The traditional CRT monitor resembles a television set and uses the same technology. They have many pros: they are inexpensive, dependable, have good clear pictures and can be viewed from any angle. Unfortunately, they are also heavy, have a large footprint, aren't environmentally friendly, and emit a fair amount of low-frequency radiation thought to be unhealthy.
LCDs or flat panel displays weigh under 10 pounds (<4.5 kilograms), are only a few inches thick (<7.5 cm), consume only one-third to one-half the power of CRTs, emit very little radiation, and provide a crisp bright display that's easier on the eyes. The main drawback of early LCDs was that the display would "wash out" when viewed off center. Fast-moving images would also "ghost" or create distracting trailing artifacts due to slow pixel response rates.
As the technology improved, however, LCDs improved in all areas with sales overtaking CRTs in 2003. Even with these improvements, arguments continue that CRTs remain better suited to graphics professionals and to those who require consistent color regardless of viewing angle. Video editors, game developers or anyone who works with fast moving images in a professional capacity might also prefer a CRT, though it seems safe to assume diehard devotees have shrunk over the years. The remaining draw for the older technology is cost, appealing to those on a budget or to those who only use their computers infrequently, as a used CRT can be picked up for next to nothing. The price for new LCDs has dropped dramatically in recent years, however.
Nevertheless, the contest between the two is over for most. LCD monitors have extraordinary color and graphics with much crisper text and a screen that is easier on the eyes, reducing strain and headaches that sometimes accompanied long hours on a CRT. They are also great for long hours in text-based applications like word processors or spreadsheets, and they don't require anti-radiation screens.

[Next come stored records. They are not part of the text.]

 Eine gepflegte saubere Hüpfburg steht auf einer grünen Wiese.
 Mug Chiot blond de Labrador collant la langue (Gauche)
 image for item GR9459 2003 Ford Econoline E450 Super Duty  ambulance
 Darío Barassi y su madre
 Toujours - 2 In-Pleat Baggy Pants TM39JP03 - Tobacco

Choosing a model with a wide viewing angle effectively eliminates "wash out," while faster response rates have eliminated ghosting. With reduced eyestrain, great color, and virtually no fading or ghosting, a good LCD is a great choice for the whole family. Whether gaming, putting together a family photo album, surfing, doing homework or writing out proposals for work, the LCD will take up less space while using less electricity and emitting less radiation.
Because of its many advantages, LCDs have essentially overtaken CRT technology. Aside from graphics professionals, deciding between an LCD or CRT today might apply best in nations or regions where digital displays are scarce and the application requires the least expensive option, like in rural schools or non-profit and humanitarian aid organizations in third world nations. In these cases, the dutiful CRT will serve well and may be purchased inexpensively.
People who are interested in purchasing an LCD monitor should note that standardization in specifications is lacking. A viewing angle might actually be greater than advertised, or narrower. Response rates can also vary from manufacturer to manufacturer, so a direct comparison between different models can be misleading when judging from specs alone. Shoppers may find it helpful to read reviews from people who already own the product, along with professional reviews.